Dans les années 1980, 30 à 35 % des foies gras venaient des pays de l'Est. Il fallait améliorer la production pour être plus compétitifs et on est peut-être allé trop loin. (…) C'est sûr que le gavage n'est pas très romantique, alors on évitait d'en parler. Mais là, on va l'expliquer de plus en plus.

Et selon Isabelle Senand, "il s'agit d'une bonne stratégie de communication. Il aurait été inutile et même contre-productif de nier ces phénomènes qui existent. C'est une gestion de crise relativement habile."

Effet direct ou pas de tout ce tohu-bohu, selon un sondage commandé par L214 à OpinionWay, 57% des Français interrogés pensent que le gavage des canards et des oies pour la production de foie gras est source de souffrance pour les animaux, 44% sont favorables à l'interdiction du gavage et 29% refusent d'acheter du foie gras pour des raisons éthiques liées à la souffrance animale.

La Saint-Martin encore loin de l'effet "Beaujolais nouveau"

Autre souci, à un degré moindre, pour le secteur : la forte saisonnalité du produit. Dans l'esprit de nombreux Français, consommation de foie gras rime donc avec fêtes de fin d'année.
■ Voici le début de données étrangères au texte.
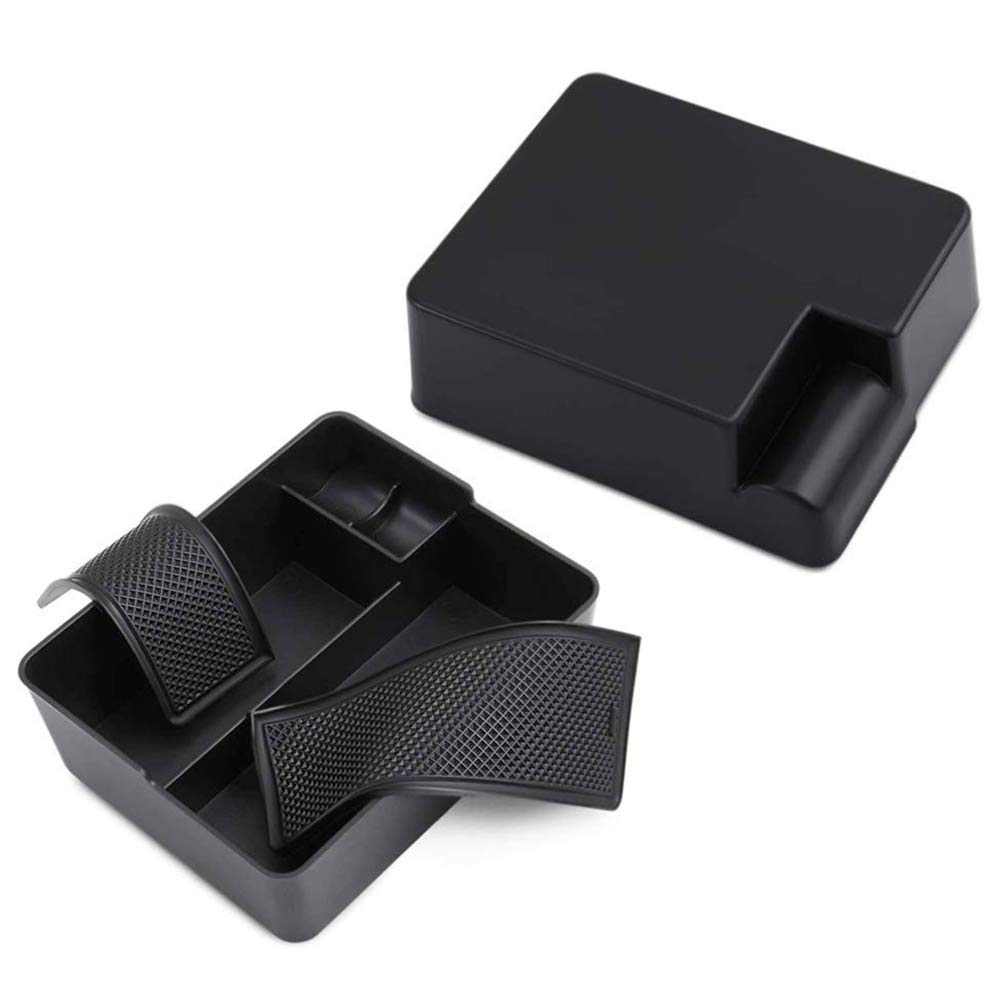 Mizzuco Organizer for Tesla Model 3 2017 2018 2019 Center Console Armrest Organizer Tray Glass Holder Pallet Storage Box Container
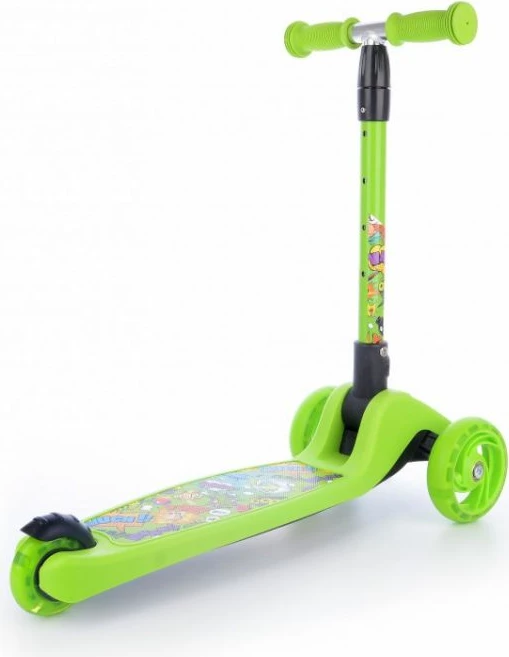 Trotinet za otroke, Tempish, zelen in rožnat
Or, cette concentration de la consommation (voir plus haut :1) est un danger pour le secteur, le moindre problème de logistique pouvant faire s'écrouler les ventes. Et la filière met les bouchées doubles pour désaisonnaliser le produit, ce qui n'est pas si simple.

Il y a presque vingt ans, des publicités avaient déjà essayé de suggérer que le foie gras pouvait être un cadeau qu'on peut offrir à sa bien-aimée ou à l'occasion de la Saint-Valentin, comme ci-dessous avec la publicité de Labeyrie.

Même chose avec les fêtes de Pâques. Sans réussite. Puis la filière a fini par prendre le taureau par les cornes, par l'intermédiaire du Cifog, en faisant de la Saint-Martin le 11 novembre, la fête du foie gras. Cette année encore, le comité a investi plusieurs centaines de milliers d'euros en communication pour en faire la promotion.

Mais selon Isabelle Senand :

Il y a bien un effet mécanique sur la consommation car les produits sont installés plus tôt dans les linéaires des grandes et moyennes surfaces (GMS). Mais on est encore loin de l'effet "Beaujolais nouveau".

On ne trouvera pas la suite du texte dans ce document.